The shows’ sponsors haven’t yet released the numbers, but I’m betting that this year’s attendence will approach or exceed pre-recession levels. And as I mentioned in an earlier blog, all those I talked to told me that their businesses were doing very well compared to two or three years ago. I’ve really enjoyed my time here at both shows. By the end of the day yesterday, however, I had to tighten my belt a notch, as I think I’ve lost a pound or two with the many miles of walking I’ve done since I’ve been here.
See all of the coverage from IBS & KBIS
I started the day with a cup of coffee from GE's new Cafe refrigerator, which has a built-in Keurig K-cup coffeemaker. That's the GE product engineer making it for me. The fridge costs $3300, which is $200 more than the same fridge without the coffeemaker. It makes a really good cup of coffee.
This is a cutaway showing Kohler's new Touchless toilet mechanism. It's offered on several models and as a retrofit kit ($50) for most existing toilets from all makers. Instead of using the flush lever, you wave your hand over a sensor underneath the tank lid. You can see the small battery-powered motor on the top right of the tank that lifts the flapper or flush mechanism.

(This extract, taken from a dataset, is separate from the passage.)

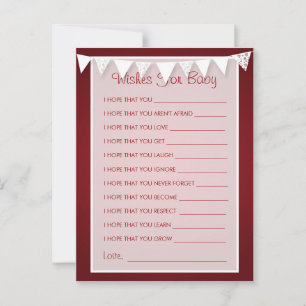 Wishes For Baby Shower Love Bunting  Red Advice Card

It might be a somewhat alarming insight into my personality, but of the hundreds of beautiful show booths I visted at both KBIS and IBS, I felt most comfortable in the garage workshop built by Gladiator. This display shows the company's new Racing Red storage cabinets. There was also a refrigerated beer dispenser on display. I didn't indulge, or I might have stayed for the rest of the day.
Owens Corning has a new insulation system designed to make it easier and more affordable to create a conditioned attic space using high-density blown-in fiberglass. The High Performance Conditioned Attic System is currently being tested in climate zones 2b and 3b, which are warm and dry. The hope is to gradually introduce the system to colder, wetter climates to ensure that the system performs as modeled. The company has done about 100 homes so far.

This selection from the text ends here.